* [ASSIGNED TASK]: When you reach the line containing "A LADIES 18K" in the records below, start copying exactly, and stop once you have copied the line containing "Bagues Or Jaune 18k avec Oxyde de Zirconium".

* [DATA PROVIDED]:
=-=-=

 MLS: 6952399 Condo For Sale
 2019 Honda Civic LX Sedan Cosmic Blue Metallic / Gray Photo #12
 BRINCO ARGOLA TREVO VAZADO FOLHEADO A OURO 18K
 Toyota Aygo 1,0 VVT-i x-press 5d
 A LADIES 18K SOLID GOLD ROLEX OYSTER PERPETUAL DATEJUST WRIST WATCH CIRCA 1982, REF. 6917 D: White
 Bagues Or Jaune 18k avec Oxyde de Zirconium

=-=-=

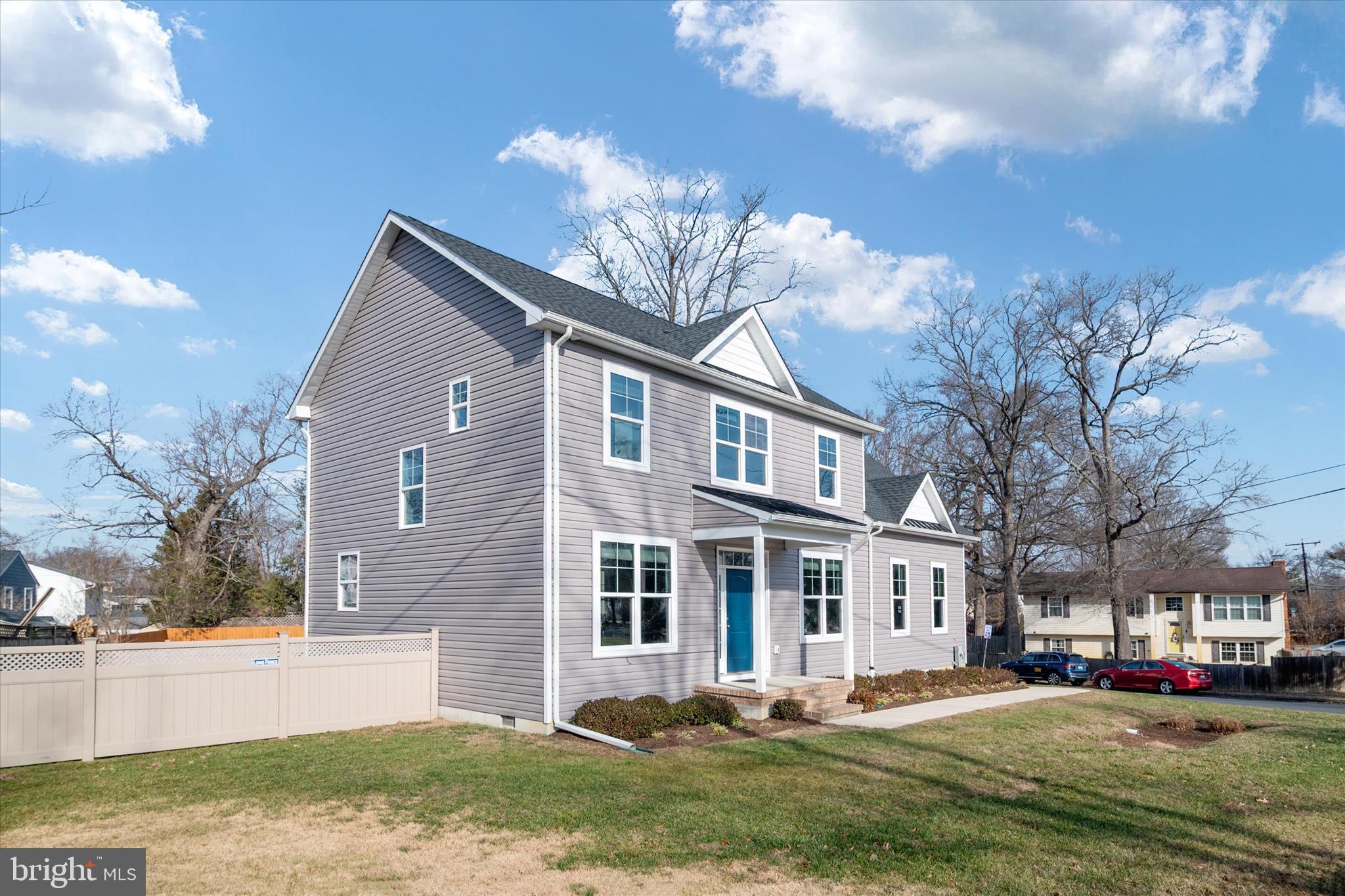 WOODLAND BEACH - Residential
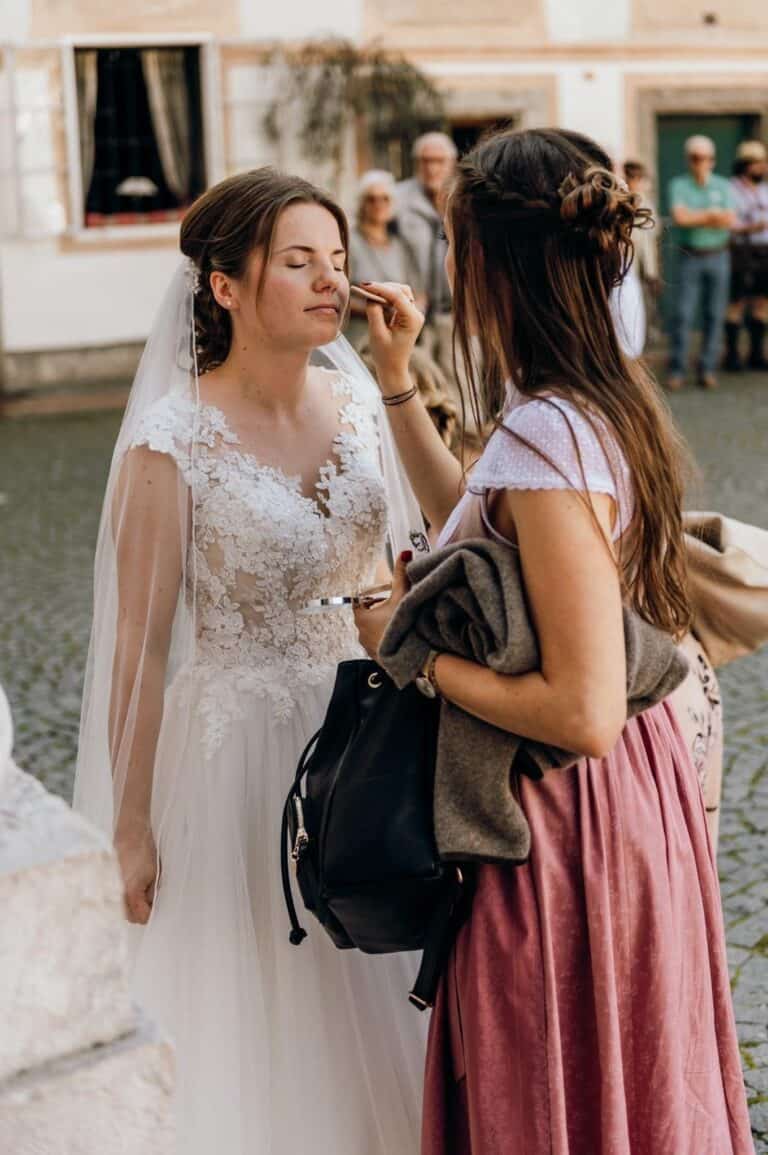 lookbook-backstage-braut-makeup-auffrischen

=-=-=

* [WRITTEN SOLUTION]:
 A LADIES 18K SOLID GOLD ROLEX OYSTER PERPETUAL DATEJUST WRIST WATCH CIRCA 1982, REF. 6917 D: White
 Bagues Or Jaune 18k avec Oxyde de Zirconium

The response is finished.